Exercise objective: In full and without change, return each entry.

Raw data:

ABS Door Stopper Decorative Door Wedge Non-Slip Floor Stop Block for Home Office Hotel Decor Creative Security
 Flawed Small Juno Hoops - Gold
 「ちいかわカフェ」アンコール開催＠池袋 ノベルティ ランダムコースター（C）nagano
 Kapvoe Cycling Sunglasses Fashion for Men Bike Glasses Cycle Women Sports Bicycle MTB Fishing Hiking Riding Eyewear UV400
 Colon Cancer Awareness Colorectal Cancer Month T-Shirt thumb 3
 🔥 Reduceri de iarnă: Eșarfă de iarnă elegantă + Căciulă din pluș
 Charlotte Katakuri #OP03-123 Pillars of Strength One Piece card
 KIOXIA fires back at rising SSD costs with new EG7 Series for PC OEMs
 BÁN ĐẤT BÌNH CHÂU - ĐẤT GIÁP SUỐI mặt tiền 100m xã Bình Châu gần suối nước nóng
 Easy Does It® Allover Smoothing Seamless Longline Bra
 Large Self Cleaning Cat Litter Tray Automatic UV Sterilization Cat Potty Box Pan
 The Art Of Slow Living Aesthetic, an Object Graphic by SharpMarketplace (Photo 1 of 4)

Result for this task:
ABS Door Stopper Decorative Door Wedge Non-Slip Floor Stop Block for Home Office Hotel Decor Creative Security
 Flawed Small Juno Hoops - Gold
 「ちいかわカフェ」アンコール開催＠池袋 ノベルティ ランダムコースター（C）nagano
 Kapvoe Cycling Sunglasses Fashion for Men Bike Glasses Cycle Women Sports Bicycle MTB Fishing Hiking Riding Eyewear UV400
 Colon Cancer Awareness Colorectal Cancer Month T-Shirt thumb 3
 🔥 Reduceri de iarnă: Eșarfă de iarnă elegantă + Căciulă din pluș
 Charlotte Katakuri #OP03-123 Pillars of Strength One Piece card
 KIOXIA fires back at rising SSD costs with new EG7 Series for PC OEMs
 BÁN ĐẤT BÌNH CHÂU - ĐẤT GIÁP SUỐI mặt tiền 100m xã Bình Châu gần suối nước nóng
 Easy Does It® Allover Smoothing Seamless Longline Bra
 Large Self Cleaning Cat Litter Tray Automatic UV Sterilization Cat Potty Box Pan
 The Art Of Slow Living Aesthetic, an Object Graphic by SharpMarketplace (Photo 1 of 4)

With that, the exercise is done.